О двух идиотах, которые бегом затаскивали носилки с раствором на пятый этаж, очевидно, сообщили краевому руководству. И нас стали каждый день возить в Красноярск, где строилось девятиэтажное здание Районных Энергетических Сетей (РЭС). Там нам предложили делать то же самое, что в и Дивногорске – только на четыре этажа выше. Мы с радостью взялись за эту работу, и, провожаемые восхищенными взглядами местных рабочих, быстро таскали носилки с раствором на девятый этаж. Для облегчения мы при этом выкрикивали крепкие русские слова.

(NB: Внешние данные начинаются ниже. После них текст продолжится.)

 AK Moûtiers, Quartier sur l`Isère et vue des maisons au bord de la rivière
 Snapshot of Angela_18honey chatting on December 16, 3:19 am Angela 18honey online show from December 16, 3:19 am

Это продолжалось дней пять. Но потом, приезжая в Красноярск, мы с удивлением стали замечать, что работать нас уже никто не просит. Сначала мы, следуя принципу: «Нам хлеба не надо – работу давай!», возмущались. Но потом поняли, что это глупо. Мы перестали возмущаться и, по-русски говоря, до конца стройотряда там ничего не делали.
Мы часто сидели на крыше того дома и наслаждаясь видами Красноярска. Этого нам показалось недостаточно. Тогда мы стали экономить деньги, которые нам выдавали на обед – а каждый день на это нам выдавали по рублю. На сэкономленные деньги мы по старой студенческой традиции пили пиво.
Тот студенческий отряд запомнился походами в тайгу, чего не было в 1972 году. Во время одного из таких походов нас на теплоходе по морю, образованному Красноярской ГЭС, отвезли далеко в тайгу и высадили на берег. Первую ночь в тайге мы провели довольно комфортно: лежа вокруг большого костра, укрывшись теплыми одеялами и приняв небольшую дозу спиртного. Некоторые из нас не подозревали, что следующую ночь им придется провести совсем в других условиях: полураздетыми, мокрыми, голодными и замерзающими от характерного для тайги ночного холода на застрявших в воде посередине огромной реки бревнах.
Утром нас подняли, накормили и каждому положили в рюкзак предметы, необходимые для вязки плотов. Мне достался стальной трос, которым я потом растер себе спину до крови. Мы долго шли по тайге, то поднимаясь на сопки, то спускаясь с них, и наконец вышли к реке Мане. Это – огромная река с мощным течением. По ней сплавляли лес, спиленный в тайге.
Все участники похода стали вылавливать плывущие в воде бревна и вязать из них плоты. Вода была ледяная. Поэтому после каждого захода в нее мы выпивали немного водки. Затем, погрузившись на плоты, мы тронулись в довольно долгий путь к тому месту, где эта река впадает в Енисей.
Экипаж нашего плота состоял из студентов и одного преподавателя. Очевидно в следствие некоторого опьянения, мы вместо двух весел сделали только одно. Поэтому на протяжении всего дня мы то и дело наскакивали на заторы, образованные бревнами. С огромным трудом мы снимались с этих заторов, теряя при этом одежду, еду и время. В конце концов наш плот безнадежно отстал от основной группы.
В то время у меня еще была водобоязнь, появившаяся из-за атрофии мышц рук после их перелома. Я сидел на плоту и дрожал от страха при виде бушующих со всех сторон водных потоков. Конечно, природа вокруг была очень красивая – но мне в тот момент было не до этой красоты.